I have a question about why my laptop is not showing up in my TIVO program list. In the past when I wanted to transfer a video from my TIVO to my laptop I would simply open the TIVO desktop version 2.3a (Note: this process still works fine) and when I want to transfer a video from my laptop to my TIVO I would go to TIVO central Program list and use the remote to go to the bottom and then select my Laptop when it showed up in the list. However, my laptop is not shoeing in the list. What gives? Where did it go? Why is it not showing up. 

I am on my laptop and I have the Task Manager up and running. I see that the TIVO Beacon.exe, TivoDesktop.exe, TivoNotify.exe, & TivoTransfer.exe are up and running. I have all my firewalls turned off so that doesn't seem to be an issue. 
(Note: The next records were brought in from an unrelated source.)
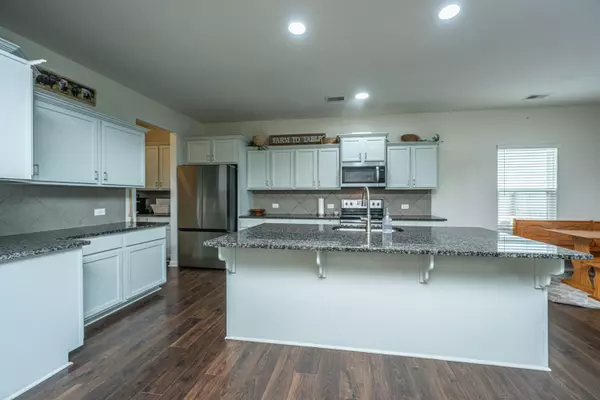 Summerville, SC 29486,210 Wood Thrush Way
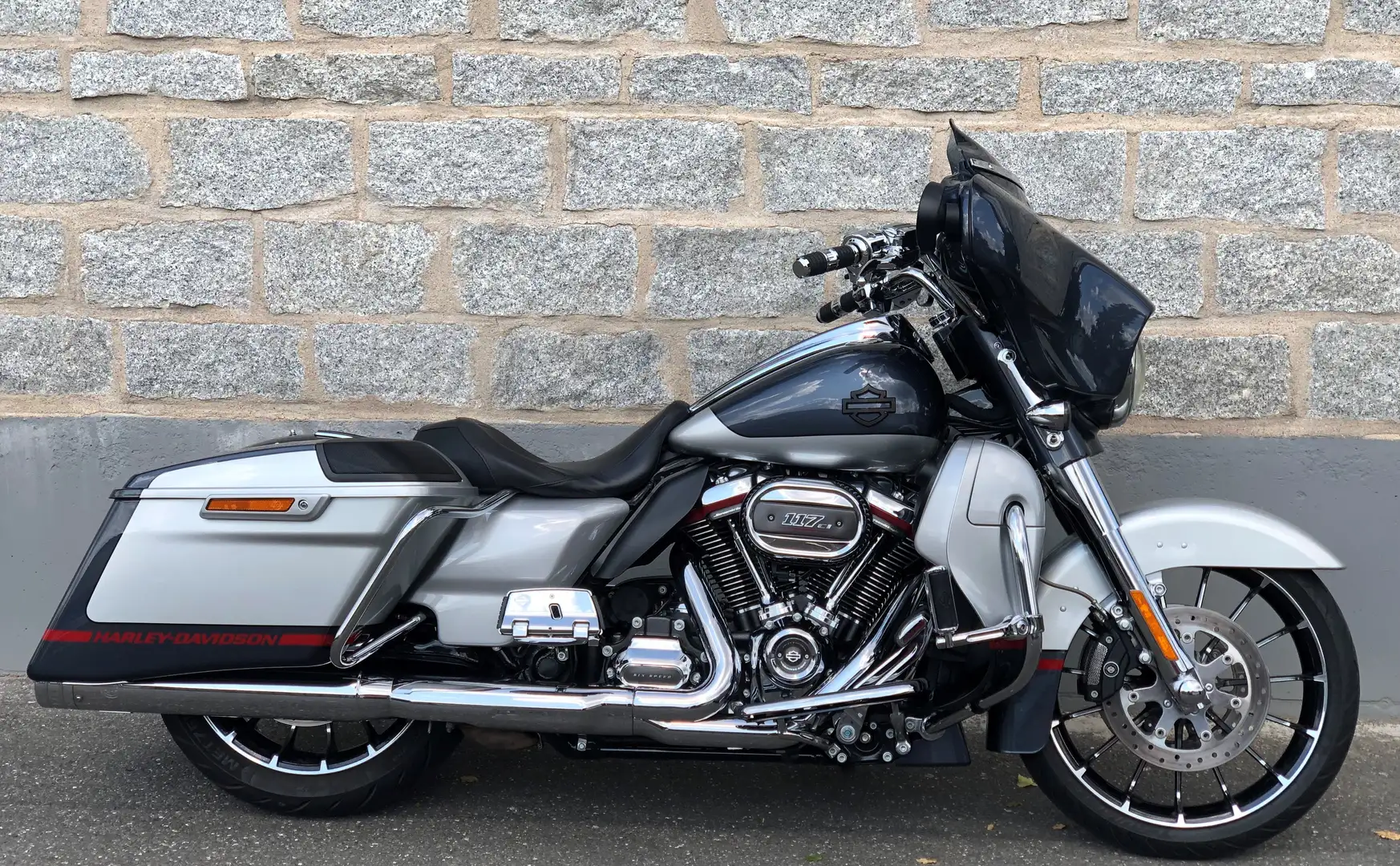 Harley-Davidson Street Glide CVO Ezüst - 1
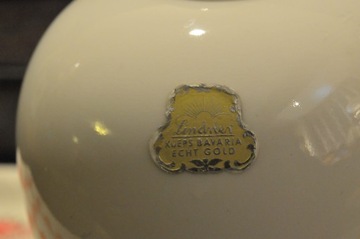 Lindner echt gold pękaty ze złotym pierścieniem 18 cm ecru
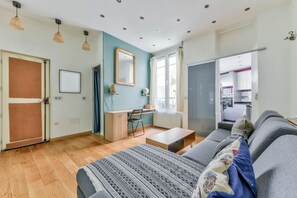 Living area - Cosy studio 9 min from Sacré Coeur Basilica (Paris)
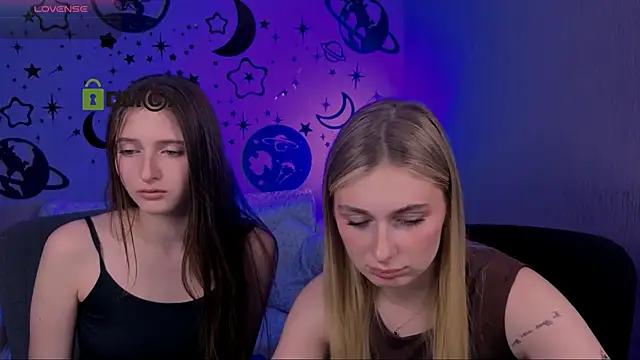 Онлайн чат XXX nekky_mouse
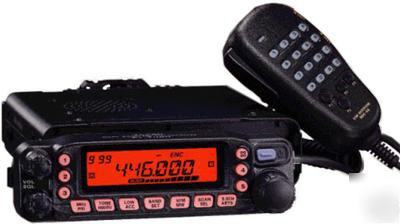 Yaesu ft-7900R tx (137-174MHZ & 420-470MHZ) + usb cable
At this point I am at a loss. Any help is greatly appreciated.

Regards,
Gary


----------



## CuriousMark (Jan 13, 2005)

Usually it is a firewall or security software problem on the PC, but it can also be a networking issue. Both the TiVo and PC must be in the same subnetwork. You can verify this by checking their IP addresses and verifying that they match except for the last number group and by attempting to ping the TiVo from the PC. If both of those work and the pings have no missing packets, then it is still probably a security software issue. Check for VPN programs that might have hidden firewalls that you didn't account for.
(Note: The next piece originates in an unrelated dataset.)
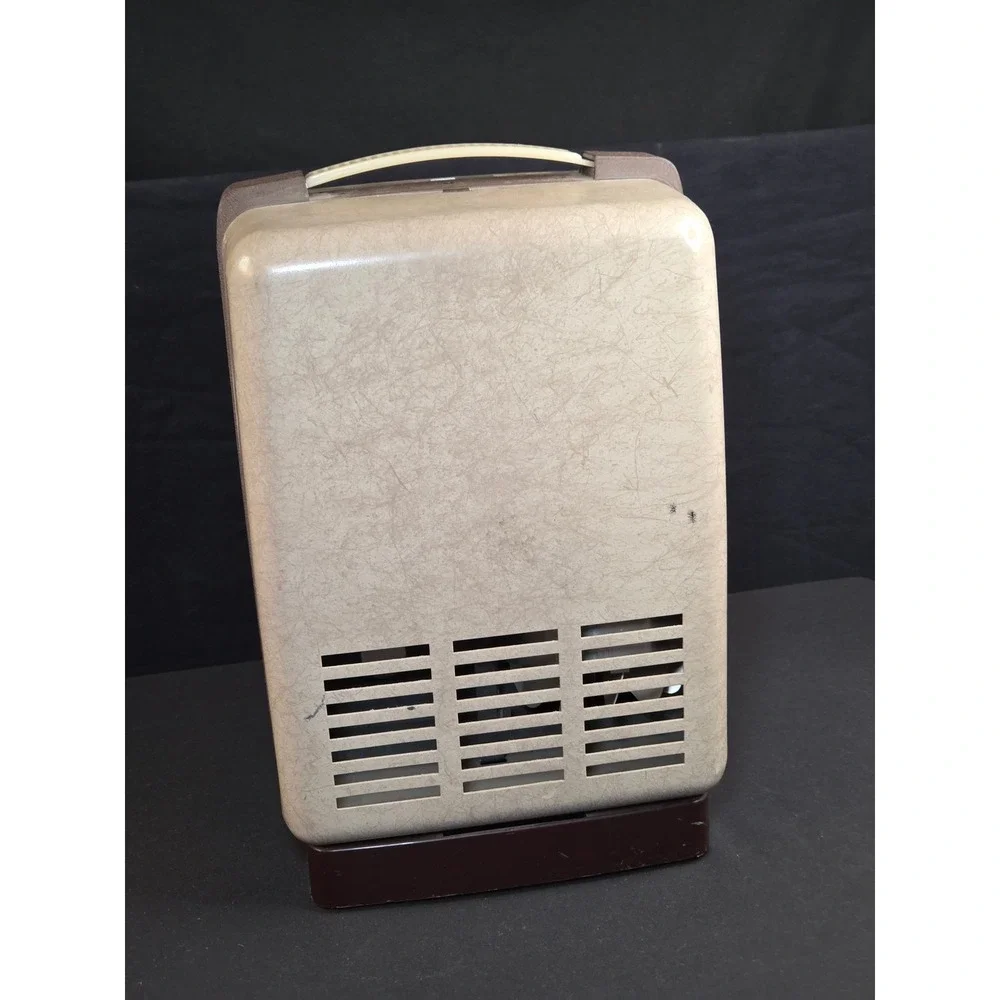 Vintage Kodak Cine Showtime 8mm Movie Projector Model A20 Rochester NY Case NEW!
If you can't ping, then it is possible that a wireless connected TiVo has drifted to a neighbor's network because it was not set up with a unique SSID, or perhaps there is wireless interference causing the discovery beacon packets to get dropped. Trying a different channel on your wireless router can help with that.

Good luck,

CuriousMark


----------



## mrjam2jab (Jul 23, 2004)

unplug...then re-plug in the adapter at the back of the tivo....if its not easy to get to then just restart the tivo....possible the adapter just lost its connection


----------



## qcpw256 (Jun 17, 2005)

Well I have verified both IP addresses of my two tivos' and they are 192.168.1.??? (Note: the ??? is different since they both have their uniquie three digits and my laptop is 192.168.1.XXX ... again it is on its own last three digits different than the Tivos. Both Tivos are still connected to the internet and I can transfer video between the two tivos but I can't get my laptop to appear in the list that will transfer to the Tivos. I have also restarted the tivos and I have unplugged the usb network adaptor...

Anyone have any other suggestions?


----------



## qcpw256 (Jun 17, 2005)

I am back in business. I did some more hunting around and I did a test. I went to Music, Photos, and more within my Tivo Central area and I checked to see if my Photos and Music showed up on my TV screen. So that lead me to think that my Tivos can ping to my laptop but my laptop would not ping to my Tivos.... 

So I got to thinking that the problem is that the laptop was making the connection to the router but the router was not letting the laptop pass to the Tivo's...

I then connected to the router and opened up some ports 
Ports to open on Router:
TCP 37,443,2190, 4430,7287, 7288, 8000,8080-8089, 
UDP 123, 2190

And then for sure it works.... I am back in business...

Hope this information helps someone else out in the future.


----------